:: To do ::
In the entries that follow, locate the line with "Aerial: Close up", then restate that line and all later lines exactly as they appear, leaving pictures out.

(Records drawn from a dataset)
__________________________________________________

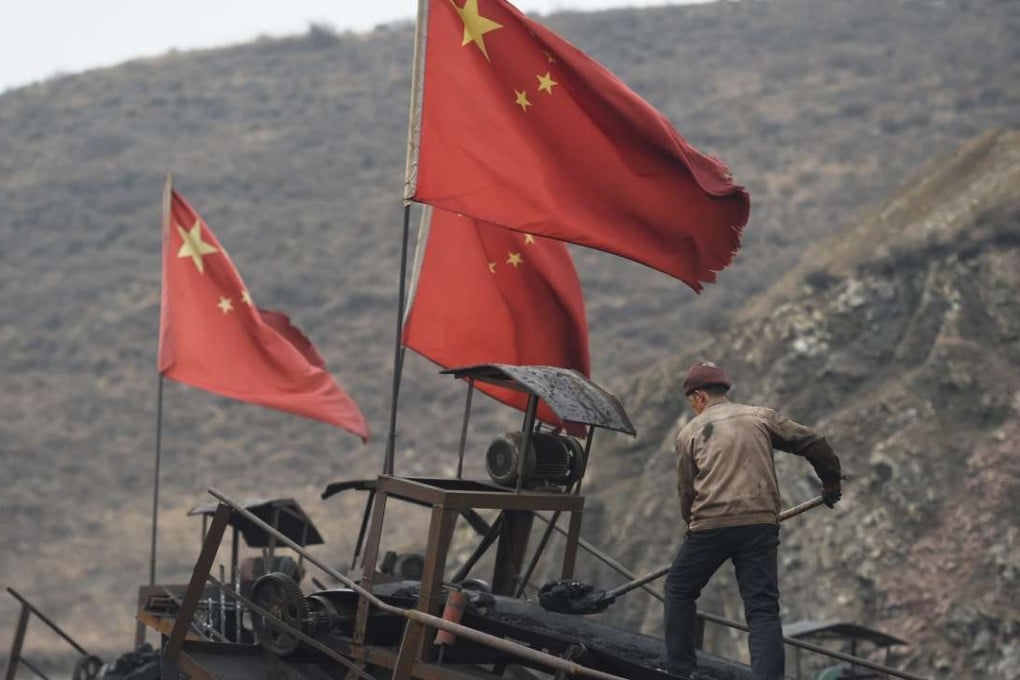 A worker clears a conveyer belt used to transport coal, near a coal mine at Datong, in China's northern Shanxi province. Photo: AFP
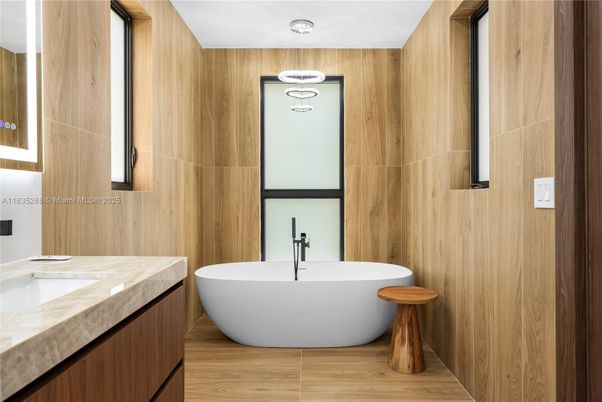 Bathroom, Dual Sink Vanities, Free Standing Baths, Interior, Wood Texture Flooring, Wooden Walls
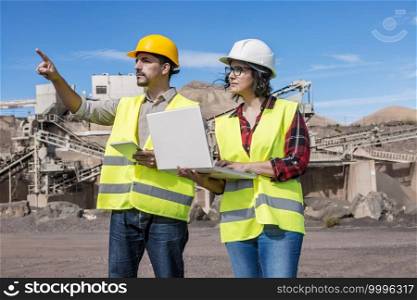 Serious male engineer with tablet pointing away and asking opinion of female colleague with laptop while developing construction plan for industrial project. Construction engineers with laptop and tablet inspecting industrial facility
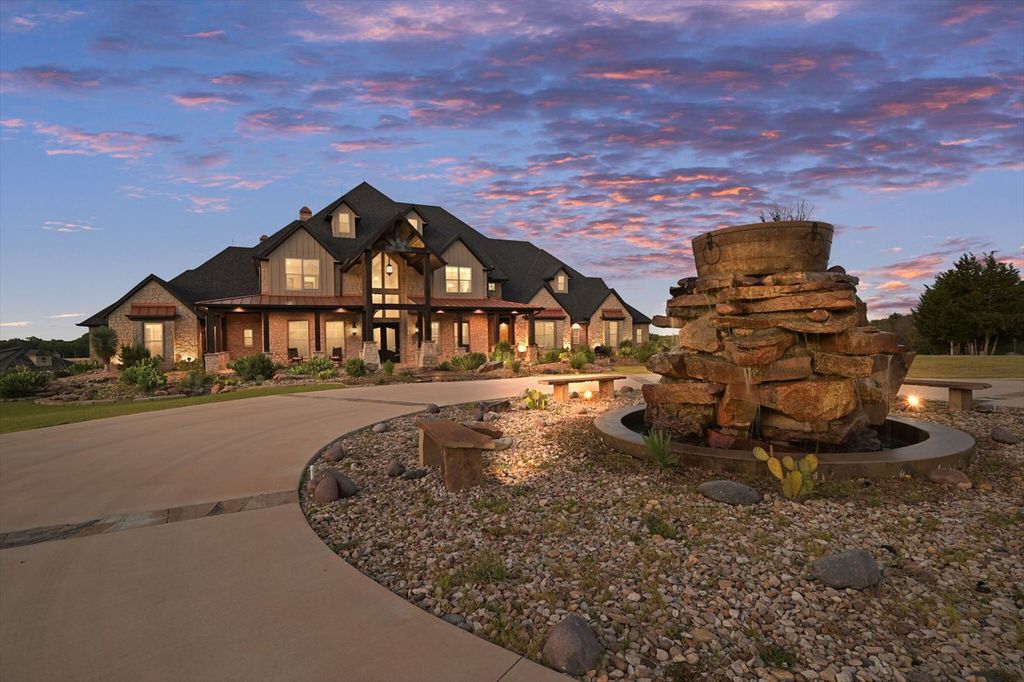 430 Chaparall Road Home in Ferris, Texas. Discover this breathtaking custom lake home nestled on 514 secluded acres, just 15 minutes south of Dallas. Meticulously constructed with stunning lake views from every room, this home features vaulted ceilings, a chef's dream kitchen, luxurious owner's suite, formal dining, study, and more. 
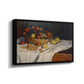Angled view of Still Life with Apples and Grapes, 1880 by Claude Monet in a black floater framed canvas.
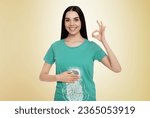 Happy woman with healthy digestive system on light yellow background. Illustration of gastrointestinal tract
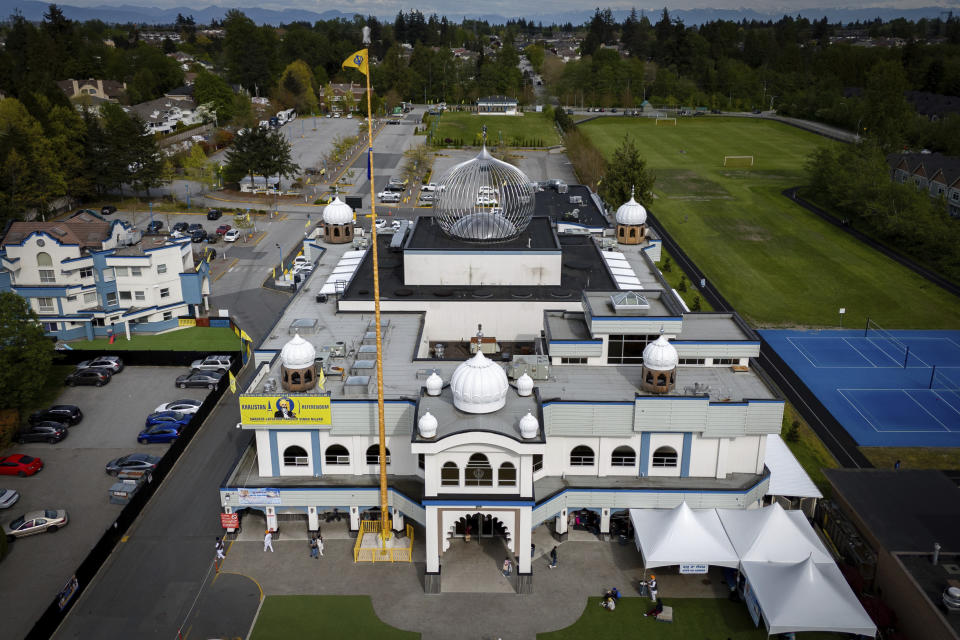 In this photograph taken with a drone, people sit on the front lawn of the Guru Nanak Sikh Gurdwara, in Surrey, B.C. on Friday, May 3, 2024. (Ethan Cairns/The Canadian Press via AP)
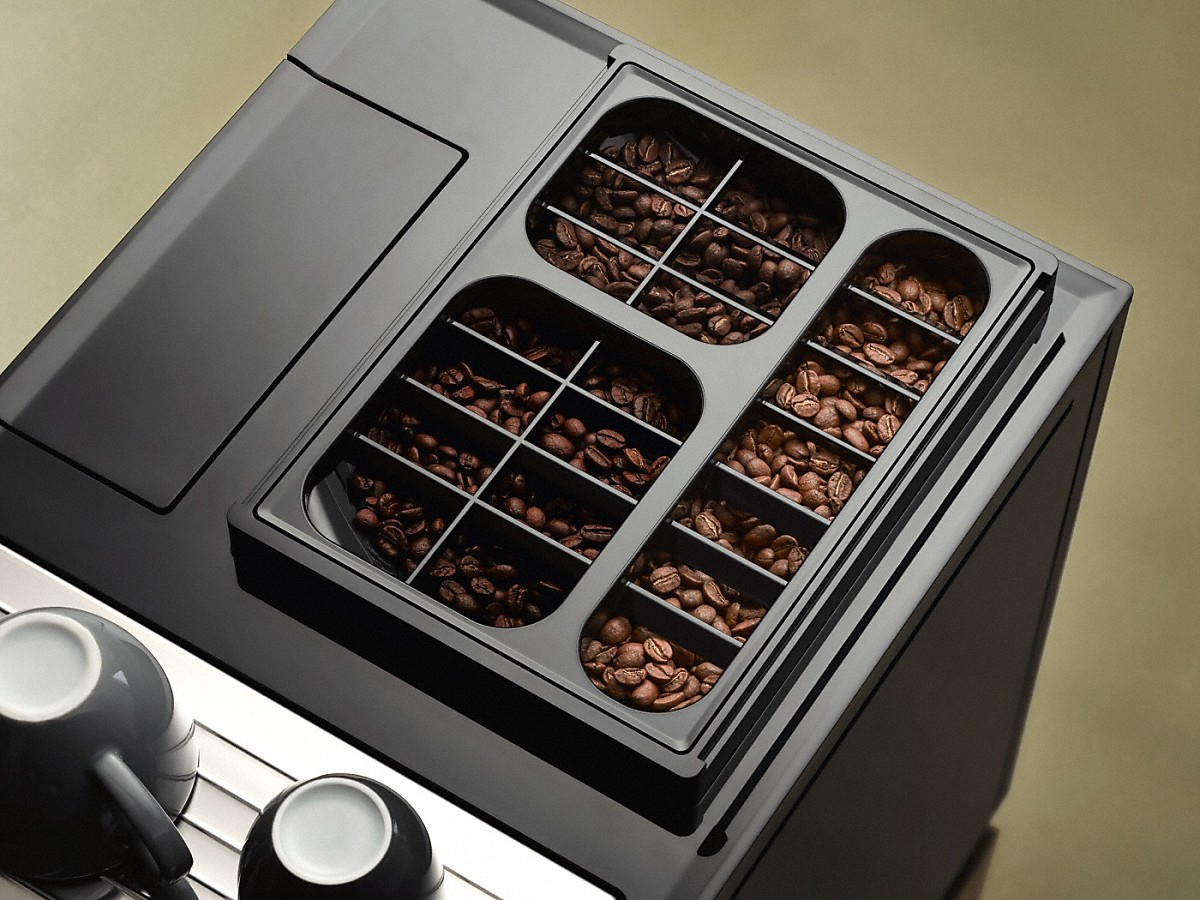 Draufsicht auf eine Kaffeemaschine mit drei Fächern voller Kaffeebohnen und zwei Tassen im Vordergrund.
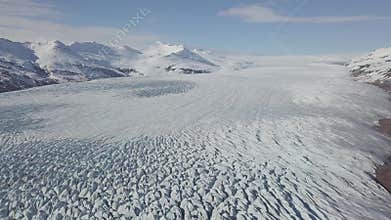 Aerial: Close up of Largest Glacier in Europe Vatnajokull. Beautiful glaciers flow through the mountains in Iceland.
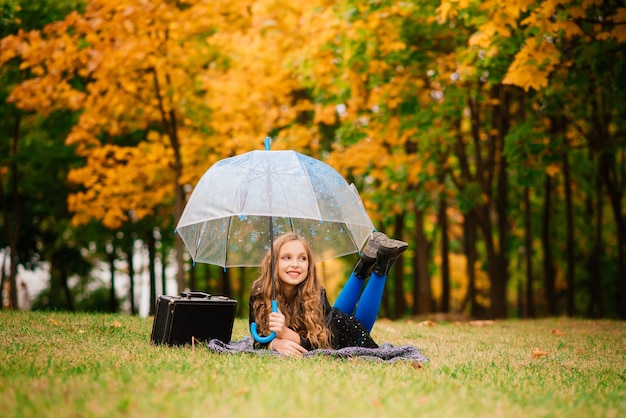 Jong aantrekkelijk glimlachend meisje onder paraplu in een de herfstbos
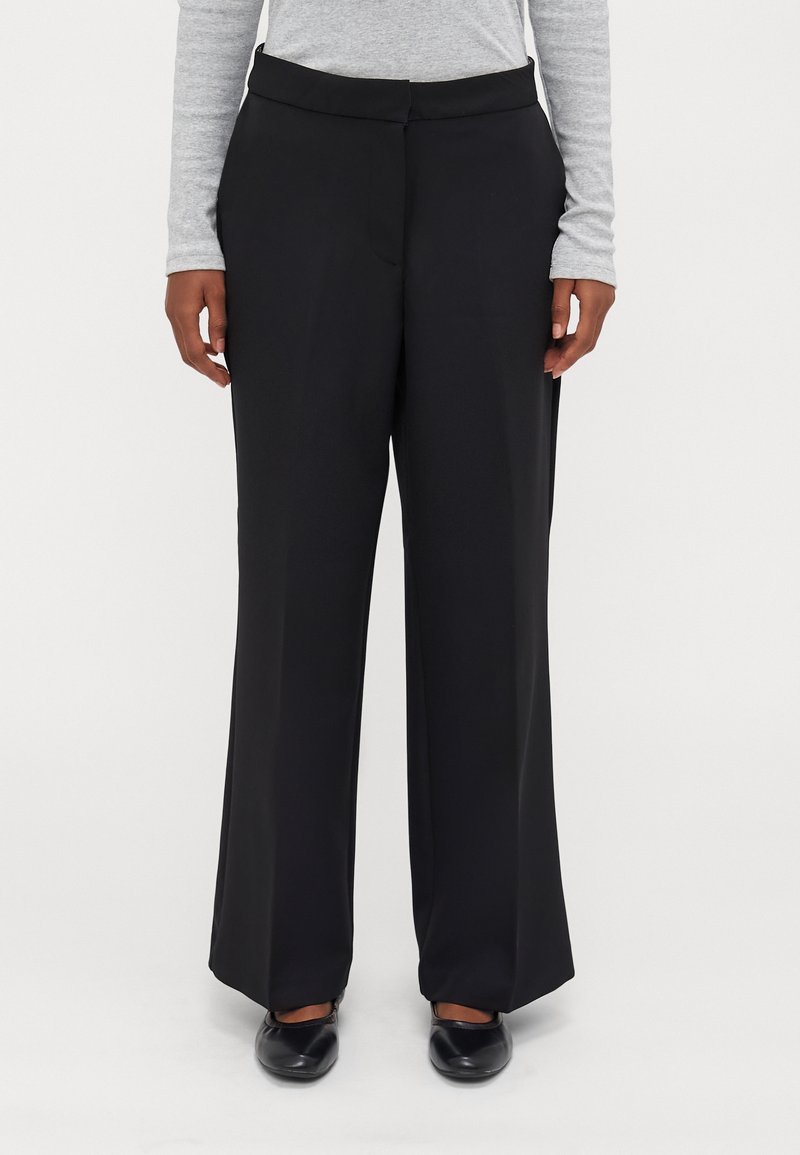 Personne portant un pantalon noir à jambes larges, un haut gris à manches longues et des chaussures noires, debout devant un fond uni.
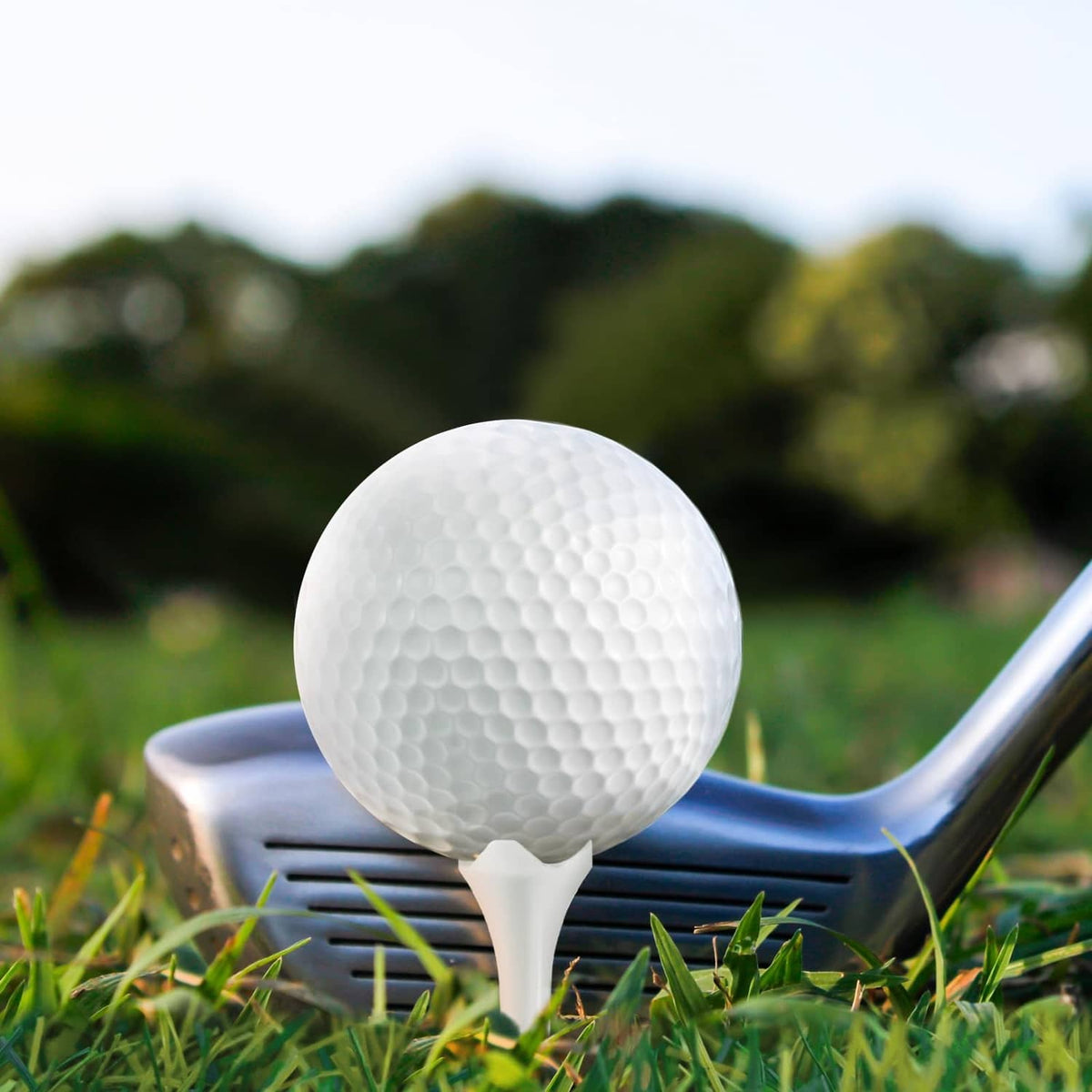 White plastic golf tee holding a golf ball on green grass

__________________________________________________

:: Reply to the exercise ::
 Aerial: Close up of Largest Glacier in Europe Vatnajokull. Beautiful glaciers flow through the mountains in Iceland.
 Jong aantrekkelijk glimlachend meisje onder paraplu in een de herfstbos
 Personne portant un pantalon noir à jambes larges, un haut gris à manches longues et des chaussures noires, debout devant un fond uni.
 White plastic golf tee holding a golf ball on green grass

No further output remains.